The AuTNP-laminated TOF plasmonic biosensor was successfully demonstrated using chemically synthesized plasmonic AuTNPs coupled with TOF to be a highly selective and specific miRNA assay in noncancer and PCa patient serums. A panel of miRNAs was quantified in human serum with a LOD in the aM range and a good miRNA hybridization response time of 4 h. As a proof-of-concept, the panel of miRNAs was assayed directly from the unmodified serum of seven patients with PCa. The biosensor demonstrated high specificity (p-value of <0.0001, AUC = 1.0) toward detection of the panel of miRNAs for early-stage diagnosis of PCa.

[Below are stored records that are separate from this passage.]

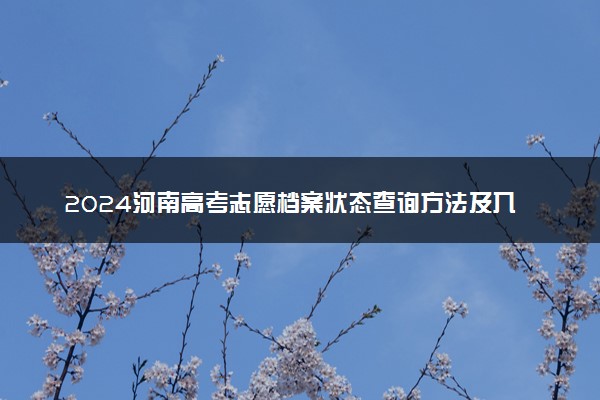 2024河南高考志愿档案状态查询方法及入口 在哪查看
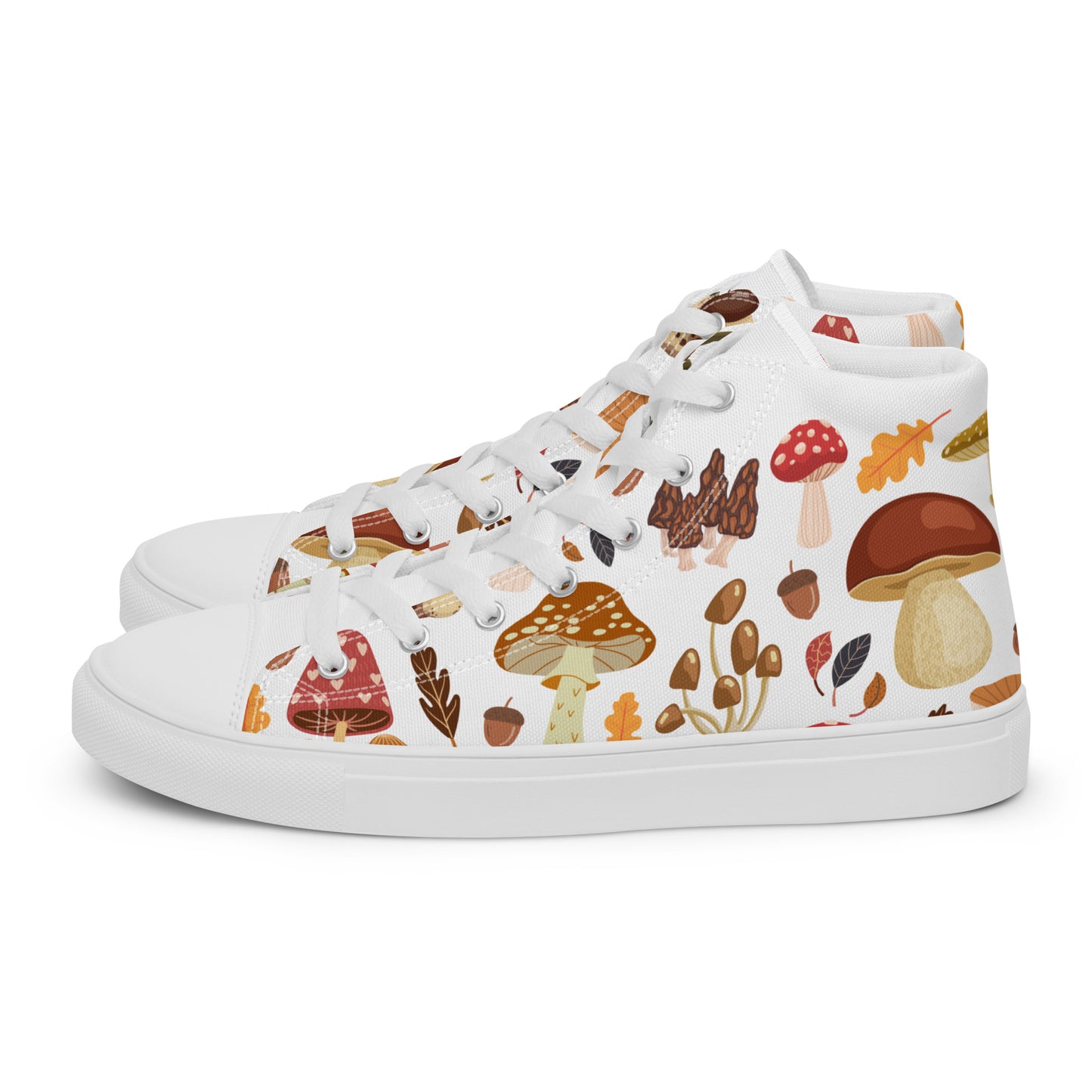 Cottagecore Mushroom Shoes | Retro Canvas Sneakers | Women High Tops | Toadstool Shoes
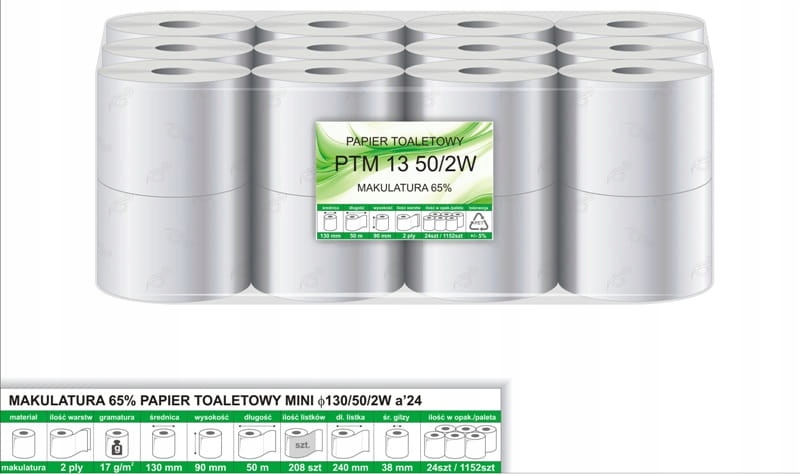 

Papier toaletowy biały 2 warstwy miękki 50m 24szt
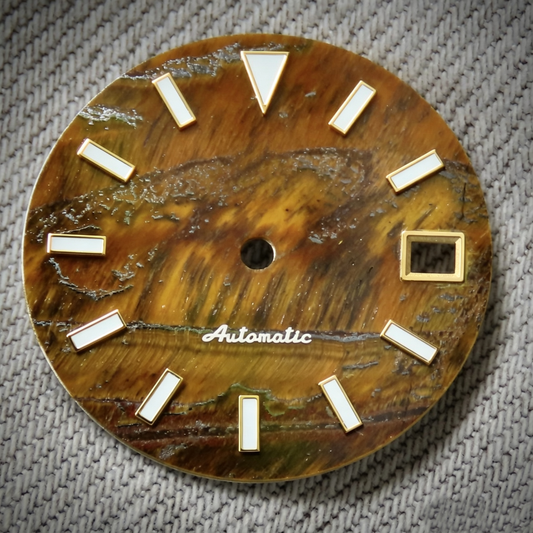 Dial Maker -  Yellow Tiger's Eye Stone Dial for NH Movement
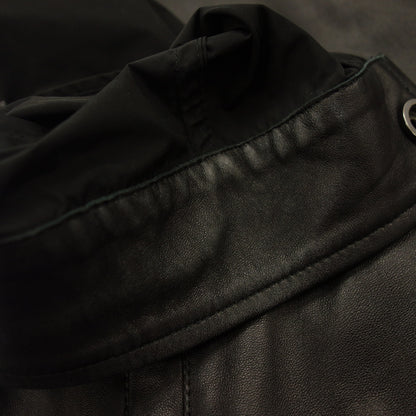 Good Condition ◆ EMMETI Leather Rider's Jacket Single Lambskin Nylon Switch Black Men's Size 48 EMMETI [AFG1] 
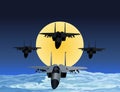 F-15 Fighter flying in formation at night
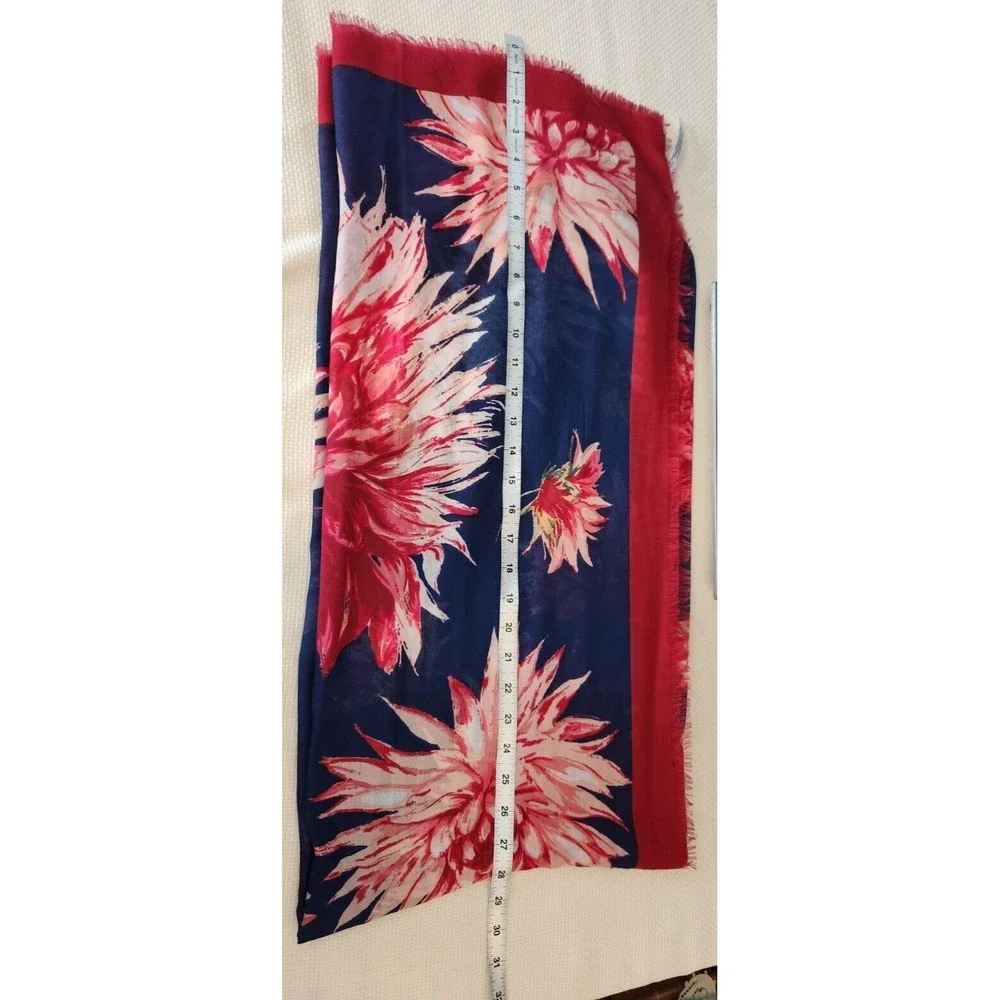 NWT Talbot's Pink Blue White Floral Colorful Long Scarf Wrap MSRP $44.50 27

The high specificity of fabricated biosensors may significantly advance the biosensing field by providing a POC tool to perform early-stage diagnosis and prognosis of diseases using miRNA or other biomarkers. The flexibility of this experimental setup has the potential to enable a wide range of POC applications for early disease diagnosis using miRNA-based biosensors as a promising noninvasive tool to diagnose PCa, where higher values on oncogenic and lower values of tumor suppressor miRNAs are significantly correlating with the presence of high-risk and metastatic disease. Although the panel of miRNAs was assayed using the fabricated biosensor to demonstrate proof-of-concept early-stage PCa diagnosis toward improved health outcomes and patient survival rates, a larger cohort of PCa patients will need to be analyzed using this biosensor platform for biomarker validation.